Actually the clue to answer this one is found in the previous chapter of Galatians, where he begins by differentiating between the servant and the heir:
1 Now I say, That the heir, as long as he is a child, differeth nothing from a servant, though he be lord of all;
2 But is under tutors and governors until the time appointed of the father.
3 Even so we, when we were children, were in bondage under the elements of the world:
4 But when the fulness of the time was come, God sent forth his Son, made of a woman, made under the law,
5 To redeem them that were under the law, that we might receive the adoption of sons.
6 And because ye are sons, God hath sent forth the Spirit of his Son into your hearts, crying, Abba, Father.
7Wherefore thou art no more a servant, but a son; and if a son, then an heir of God through Christ.
8Howbeit then, when ye knew not God, ye did service unto them which by nature are no gods.
9But now, after that ye have known God, or rather are known of God, how turn ye again to the weak and beggarly elements, whereunto ye desire again to be in bondage?
....and continues on with the allegory of Abraham's sons:
21Tell me, ye that desire to be under the law, do ye not hear the law?
22For it is written, that Abraham had two sons, the one by a bondmaid, the other by a freewoman.
23But he who was of the bondwoman was born after the flesh; but he of the freewoman was by promise.

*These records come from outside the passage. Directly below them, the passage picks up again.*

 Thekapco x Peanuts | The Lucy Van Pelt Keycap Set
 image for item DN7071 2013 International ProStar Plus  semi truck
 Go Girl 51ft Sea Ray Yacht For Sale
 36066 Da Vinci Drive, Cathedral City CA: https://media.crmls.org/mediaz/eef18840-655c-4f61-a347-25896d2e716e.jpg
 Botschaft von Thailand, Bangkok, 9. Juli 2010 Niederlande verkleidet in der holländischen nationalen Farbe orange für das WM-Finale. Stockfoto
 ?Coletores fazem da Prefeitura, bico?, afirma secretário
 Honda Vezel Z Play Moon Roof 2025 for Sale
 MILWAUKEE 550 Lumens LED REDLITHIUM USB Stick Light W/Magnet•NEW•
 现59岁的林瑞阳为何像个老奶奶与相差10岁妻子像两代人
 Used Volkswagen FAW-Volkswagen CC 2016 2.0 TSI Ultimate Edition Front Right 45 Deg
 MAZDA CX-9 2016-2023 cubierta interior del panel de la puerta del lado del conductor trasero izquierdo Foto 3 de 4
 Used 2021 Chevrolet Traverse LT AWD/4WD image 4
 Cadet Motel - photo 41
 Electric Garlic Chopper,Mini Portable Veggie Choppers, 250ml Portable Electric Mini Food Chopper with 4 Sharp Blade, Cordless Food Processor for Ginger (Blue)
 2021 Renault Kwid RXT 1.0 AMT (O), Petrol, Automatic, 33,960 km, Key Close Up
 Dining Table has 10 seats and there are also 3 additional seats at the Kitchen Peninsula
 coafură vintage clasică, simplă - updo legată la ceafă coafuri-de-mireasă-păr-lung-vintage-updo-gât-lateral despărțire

24Which things are an allegory: for these are the two covenants; the one from the mount Sinai, which gendereth to bondage, which is Agar.
25For this Agar is mount Sinai in Arabia, and answereth to Jerusalem which now is, and is in bondage with her children.
26But Jerusalem which is above is free, which is the mother of us all.
27For it is written, Rejoice, thou barren that bearest not; break forth and cry, thou that travailest not: for the desolate hath many more children than she which hath an husband.
28Now we, brethren, as Isaac was, are the children of promise.
29But as then he that was born after the flesh persecuted him that was born after the Spirit,
even so it is now.
30 Nevertheless what saith the scripture? Cast out the bondwoman and her son: for the son of the bondwoman shall not be heir with the son of the freewoman.
31So then, brethren, we are not children of the bondwoman, but of the free.
To me, the law is the enslavement, or opposite of freedom. The law is of the Flesh. The promise is Christ, and fulfillment of the promise is salvation from the law of the flesh through Christ, that is freedom, the freedom of the spirit. We are set free from the Law by Christ who fulfilled the Law perfectly.
As he points out in v29, however, the Law continues to persecute the Free children of God, who are heirs through Christ. We are not to be enslaved to IT, but we are to live instead in the spirit of Christ (see Gal. 5).